Summer Movies and Ultimate Reality | Sept 07
I've had a series of existential moments at the movies this summer.
So many movies have given me a rush that I've started kicking around if that rush actually tells me something about how we're wired. But, of course, maybe it's just me.
When you saw Ratatouille, were you like me? Were you swept up from the first moment of the short animated feature they started with, kept at least interested by the engaging and quirky story that unfolded (a rat who's a master chef-who on earth came up with that idea?), and then blown away by where they took it? Suddenly we're watching a parable about the filmmakers themselves, about the creation of an artist. Why was this such a rush?
This summer that rush has come from an eclectic brew. Irish street musicians in Once. Cross-dressing singing and dancing obese people (among others) in Hairspray. Our favorite tormented assassin in The Bourne Ultimatum.
Your tastes, of course, might be a long way from mine. But I wonder if we share a few things in common whenever we feel that rush of a good movie. I wonder if that rush most commonly comes from seeing a movie made with passion and artistry about a central character that suddenly finds out who they are in the big scheme of things. The rat's a master chef! The pudgy girl is a singing and dancing superstar! The assassin will bring down the evil government agency!
Some folks have a theory about this. They argue that there's been a central myth that we can find in all cultures throughout history, so central that they contend it speaks to your deepest desires for where your life might head. They call it "the hero's journey." It's a little quirkier than you might think. Here's one take at what it might look like in, say, The Lord of the Rings.
The classic hero myth involves a "reluctant hero" who lives in what, to him or her, is the ordinary world, the world that's everything he or she knows. Little does he (I'll go with "he" because the character we'll track with is male) know that that world is actually in dire jeopardy, and that he'll be called upon to take tremendous risks to battle that threat and return with the special gift that will heal this ordinary world of his. Think Frodo in the Shire, unaware of the tremendous storm of evil that's on the verge of sweeping over the whole planet.
A call to adventure comes our hero's way. (Gandalf tells Frodo the significance of the ring, and that Frodo himself must be the ring bearer.) Our hero says "No way! Send someone else!" But often a mentor helps her past those initial obstacles. Often a "threshold guardian" pops up about now (the black riders) to throw an obstacle in the way of our hero's destiny to cross out of the ordinary world into a "special world," where he doesn't know any of the rules and will have to improvise constantly. (The world outside the Shire, about to be swept into darkness.) But ultimately our hero does indeed cross the first threshold into the special world, where he faces tests and finds surprising allies and new enemies. Midway along, he approaches an "inmost cave" that embodies some of his deepest-held fears, and indeed he faces an ordeal there that might all-but kill him or actually kill him. (Shelob the Spider's Lair.) Then there's some kind of resurrection and reward, ultimately followed by a journey back home to the formerly-ordinary world to which you bring an "elixir"-the thing that will heal your land. (The newfound courage and warrior spirit of the returning hobbits-now they can repel enemies from the Shire!)

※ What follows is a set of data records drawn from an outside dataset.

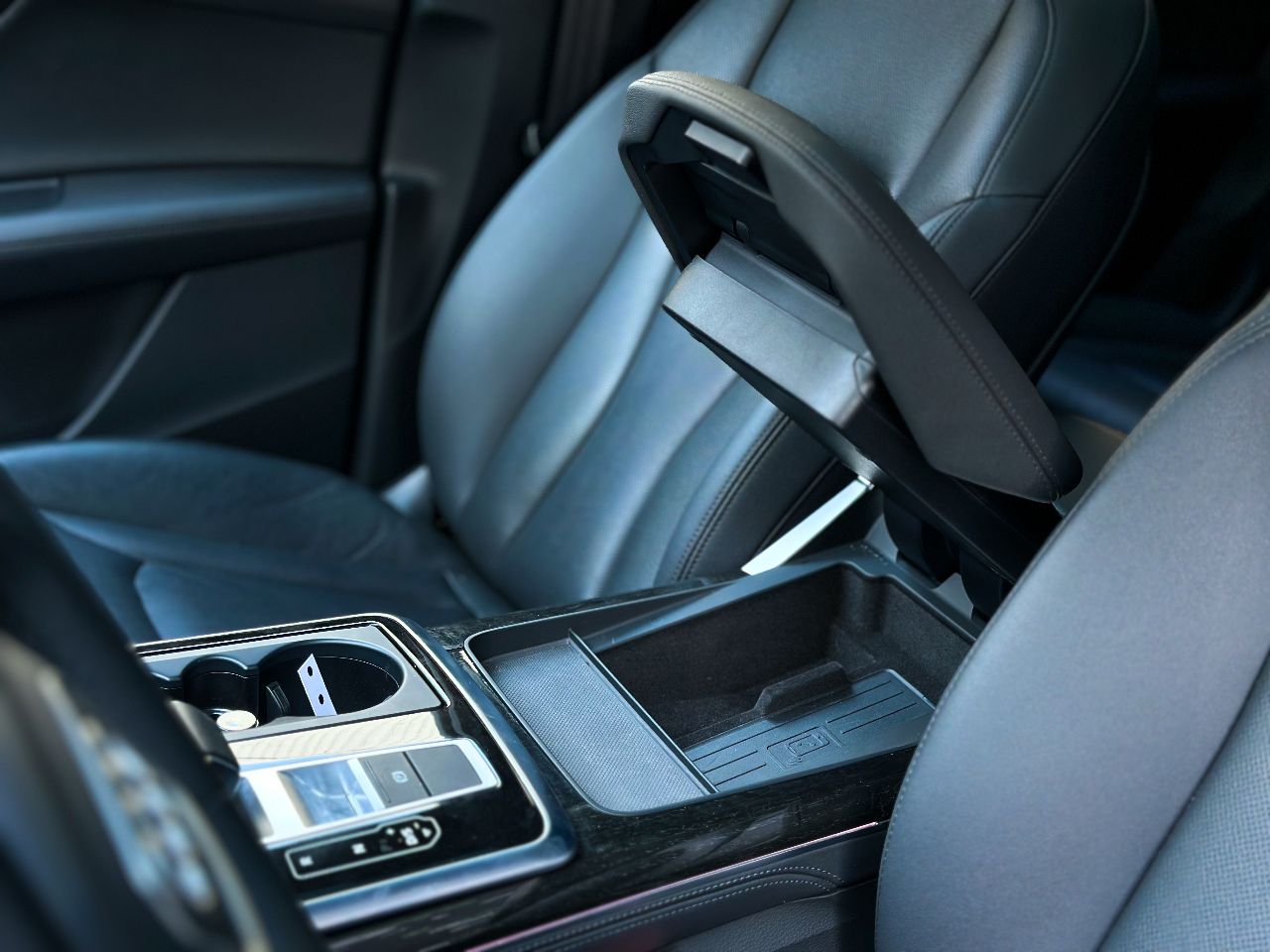 Audi Q7 - фото 10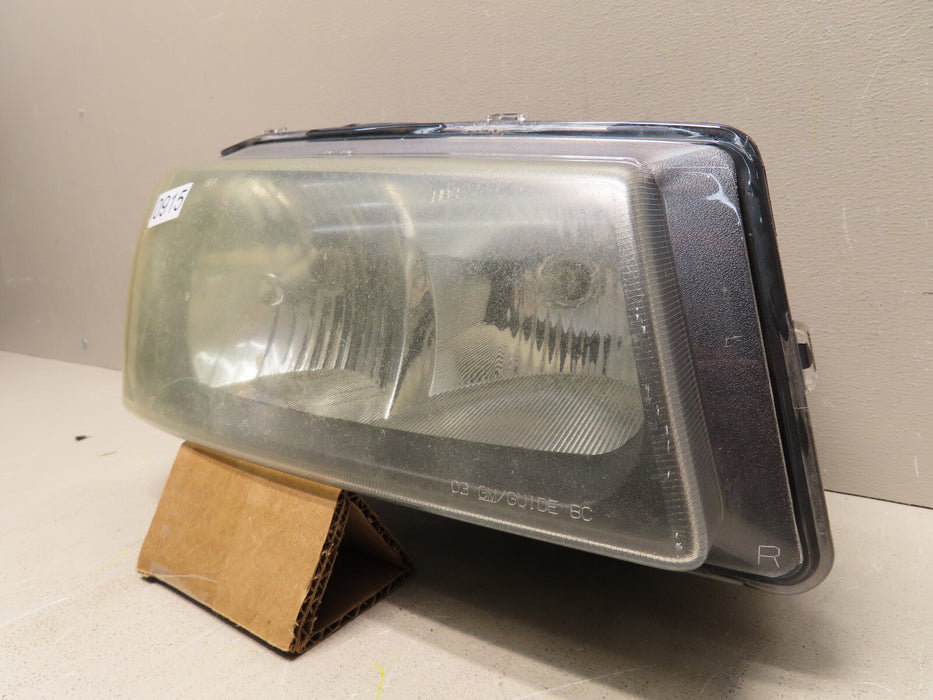 2003-2007 CHEVROLET SILVERADO 1500 AVALANCHE RH PASSENGER HEADLIGHT HALOGEN OEM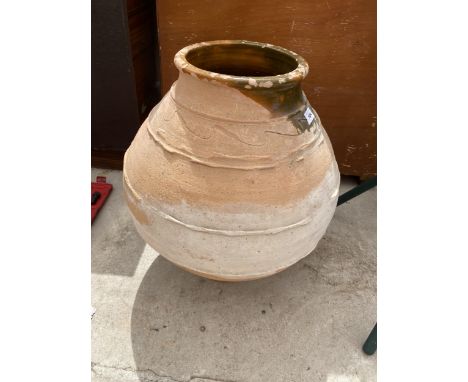 A VINTAGE TERRACOTTA AND PART GLAZED PLANTER 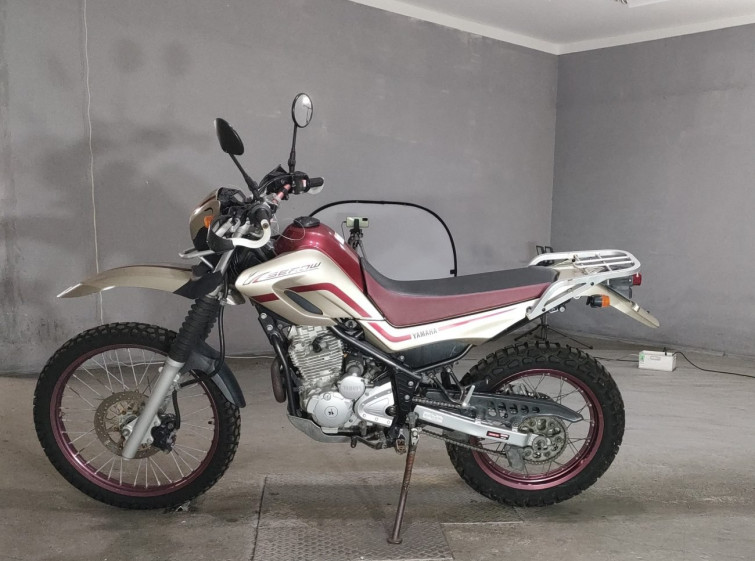 Мотоцикл Yamaha SEROW XT250 с пробегом 9300 km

What these deep thinkers wonder is if this story is your story, if this is the reason we like movies-or any stories-at all. We're seeing our own story played out in front of us where someone else is taking all the risks.
What if you're called into a special world, a world that will seem strange to you and where you'll need to improvise constantly? What if you're on a great quest which only you can fulfill and which has huge-if currently veiled-stakes for you and people you love?
But-running with this-to say yes to that call is a scary thing. There will be real suffering that you wouldn't face if you just stayed in "the Shire", in your ordinary world. But what if there is, in fact, an unseen battle raging around you and you have a key role to play in that battle? And what if that hero's journey, despite its difficulties, despite the nearly-irresistible urge to stay where it's familiar, is what you've been created for, what will call out qualities in you that you'd never see any other way, what-for all its hardships and challenges-would bring the satisfaction you've been created to experience?
Those of us who give some attention to following God often stumble into insights that point us this direction. You could make a case, for instance, that this is what Jesus' apostles stumbled into. One day they were fishermen. The next they were hunted, itinerant world-changers.
As we start this next year in Cambridge (where the year seems to run from September to June), may this be a year where you discover new levels of your hero's journey, where you find out if you're the rat who, stunningly, may be the best chef in the world.